La mesure de la qualité universitaire se fait aussi à l’aune de la qualité de la recherche produite par les enseignants. Force est de constater qu’elle est très faible à lire les maigres dossiers de publication des enseignants.
Par ailleurs, l’admission des étudiants dans la nouvelle école se fait sans la maturité ou avoir plus de 25 ans, ce qui est contraire là encore aux standards universitaires. Il faut se rendre compte que les étudiants de la nouvelle école ne pourraient entrer dans une université en Suisse avec ce critère.
Qu’une communauté religieuse veuille former ses cadres, c’est une bonne chose, de notre point de vue, mais qu’elle prétende dispenser une formation universitaire est une autre chose tant elle déroge aux standards de base en la matière.
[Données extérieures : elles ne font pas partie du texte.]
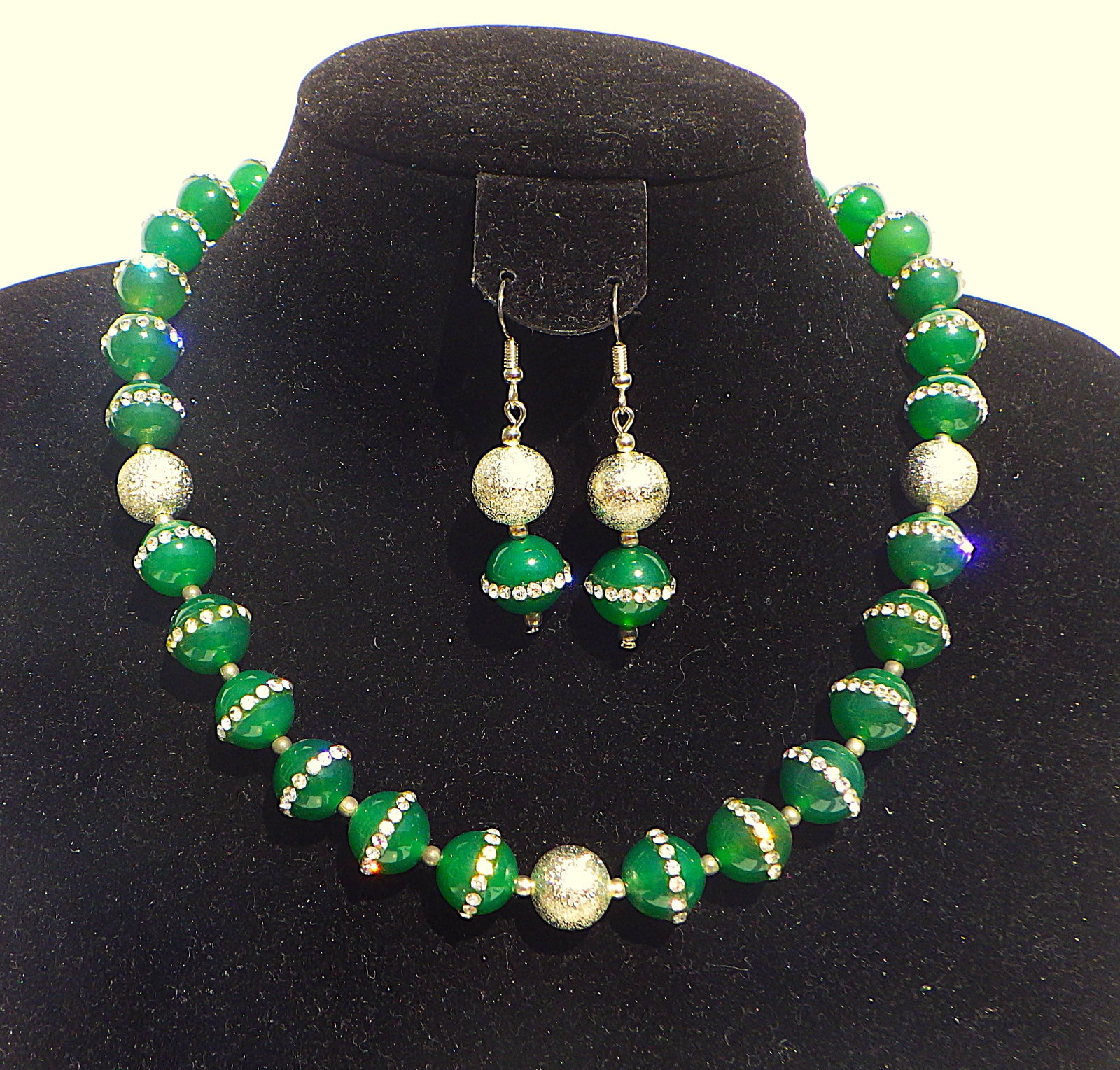 Green jade Necklace & earrings set with cubic zirconia: Title: Green jade Necklace & earrings set with cubic zirconia Description: A very elegant, sophisticated and uniquely created, green jade necklace and earrings set, adorned with cubic zirconia and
Nous croyons que c’est la vraie question: pourquoi donc faire une formation d’apparence universitaire alors que cette communauté peut très bien former ses ministres sans?
Le projet d’une école confessante n’est-il pas en lui-même contradictoire avec l’objectif de rigueur scientifique d’une université? Pourtant ce modèle est largement répandu y compris dans de prestigieuses universités nord-américaines.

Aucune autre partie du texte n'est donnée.